I bought mine at Sears, and we had to pick it up from there. I know you would have it delivered to your house, but just a warning: the box is VERY heavy! Trying to get it out of the truck was a bear! Just something to keep in mind. I didn't order mine online, but it did come in a box, and it comes pretty much assembled (at least ours did). I think all we had to do was attach the handle, put on the chute, and maybe something else.


----------



## sscotsman (Dec 8, 2010)

"saving" that $136 could end up being false economy..
first, how confidant are you that you can successfully put the machine together yourself? and get it all properly adjusted?

If you are very mechanically inclined, restored your '57 Chevy from the ground-up, or something like that, then putting a snowblower together yourself could be a no-brainer..

on the other hand, if you have little experience in such things, paying the "extra" $136 from the dealer, to get a machine assembled, adjusted, ready to run, and have someone to talk to if you need further help, could be money very well spent..

Scot


----------



## Blue Hill (Mar 31, 2013)

The only thing I would be concerned about (and I'm a worrier) would be if there's something not right or missing parts etc. good to be able to talk to someone in person, rather than a voice on the phone 2000 miles away.
There's also the support your local dealer/community angle which may, or may not be a factor depending upon where you live. I'm pretty rural, so I try to do that if it's reasonable.
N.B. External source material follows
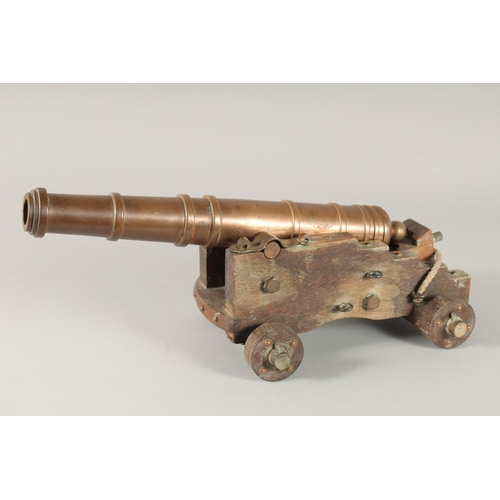 1343 - A GOOD SMALL BRONZE CANNON on a wooden carriage with four wooden wheels.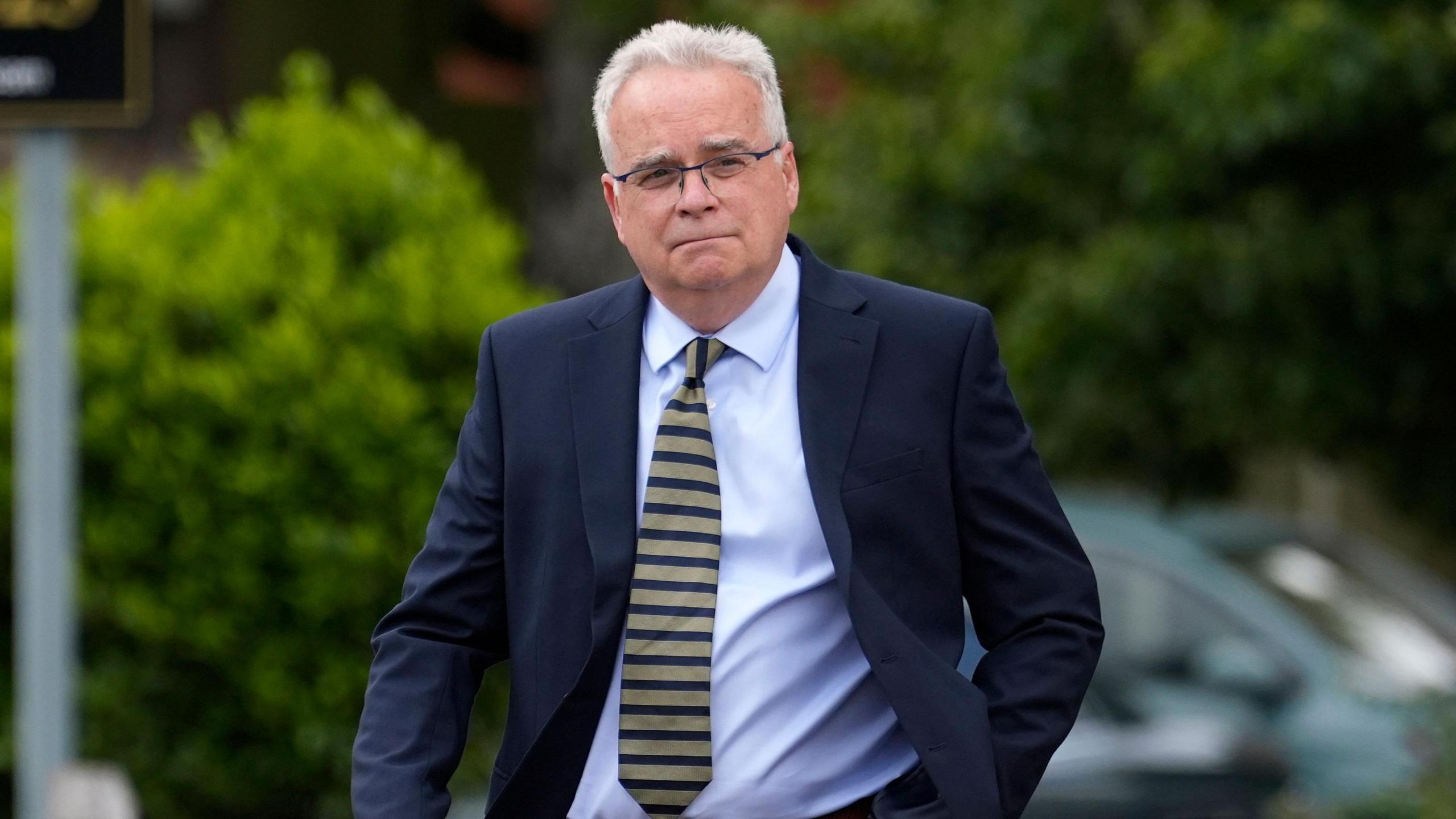 James Haviland walking into magistrates' court on Tuesday in a blue suit and a striped tie. He has white hair and glasses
I do have limits though.
JMHO.


----------



## fishrman (Oct 19, 2013)

Ya, kind of my thoughts too on all counts. I have heard that it isn't that big of deal putting one together as it is basically the handlebars and chute.
Never did a ground up restoration on anything but I did stay in a Motel 6 once! 
It would be a little different if I had an Ariens dealer right here in town but the closest is about 50 miles away.
The location I was looking at currently has free lift gate shipping service. Most of them charge 50.00 for that. No problem getting it off the truck with that kind of service but I am kind of guessing by the time I get it strapped to a dolly and into my garage to get put together and the normal goes wrong, like I break a bolt or who knows what, I may be money ahead in buying from the guy 50 miles from me. Want to get this done before Nov. 15th either way as they have the incentive of the extra 2 years warranty until then. I will call around to a couple other dealers and see what I can get done price wise before pulling the trigger, I guess.


----------



## Engraver1 (Oct 10, 2013)

To throw some snow into the fan so to speak-- I just bought a 26" Cub Cadet 3-stage, paid $988 (sale price) delivered by Snowblowers direct. I realize MTD makes it, but they also made my 18 year old 5/22 that still works just fine. I can't find any cheese anywhere on this thing save for the color! It's stout, well balanced, moves and turns much easier than my smaller 5/22, neither hand has to move more than 8" sideways to adjust the chute or change speeds, and the 357cc motor is loud & proud... I can hardly wait for a snowstorm! Of course, the weather turned perfect and has been ever since it showed up 2 weeks ago...


----------



## fishrman (Oct 19, 2013)

I was going to get the regular 26 inch cub before the 10% promotion ran out and I guess I talked myself out of it somehow. I think they are the best MTD machine I have seen. That 3 stage system should be interesting for you. Bet you will move the snow with that! After all my searching and researching and spending money on such things as a new disc, windows for the house, loan (ha ha) to my son etc. etc., I have about decided I can probably limp along with my old Toro 421 another year.


----------



## fishrman (Oct 19, 2013)

Well, now that I have learned Ariens has increased the extended warranty cut off date to Nov. 30th, I am back in the hunt.
I have found one that can be delivered to a dealer that is willing to set it up for me. The cost will be 1329.00 delivered and he wants 35.00 to set it up for me. I don't think I can mess with it for 35.00 and if there is a bolt or nut missing he will have it. He is about 40 miles from me. I told him I would buy one from him if he could give me a deal. He wanted 1400.00 if I bought it from him directly! I don't get it with him willing to put it together for me for 35.00 and let me have it delivered to him rather than buying from him directly but it will save me tax as well by doing it this way.


----------



## fishrman (Oct 19, 2013)

OK, done deal! I ordered my new Ariens P24. 1325.00 delivered price. Now, if we are lucky, it won't snow this winter!


----------



## Blue Hill (Mar 31, 2013)

Good for you fishrman! You won't be sorry.


----------



## Piedmont (Nov 13, 2013)

I think you made the right choice. My blower died after my son decided to store his nuts & bolts in the transmission so was in the hunt for a new. I looked at a Cub Cadet 3-stage 26" and by the specs and what I saw thought it was going to be the one. Now, bear with me I am personally not an Ariens fan but that's another story. Here's the things I noticed. Also in my investigations the cheaper Craftsman are rebranded Cub Cadets, the more expensive Craftsman are rebranded Toro's. 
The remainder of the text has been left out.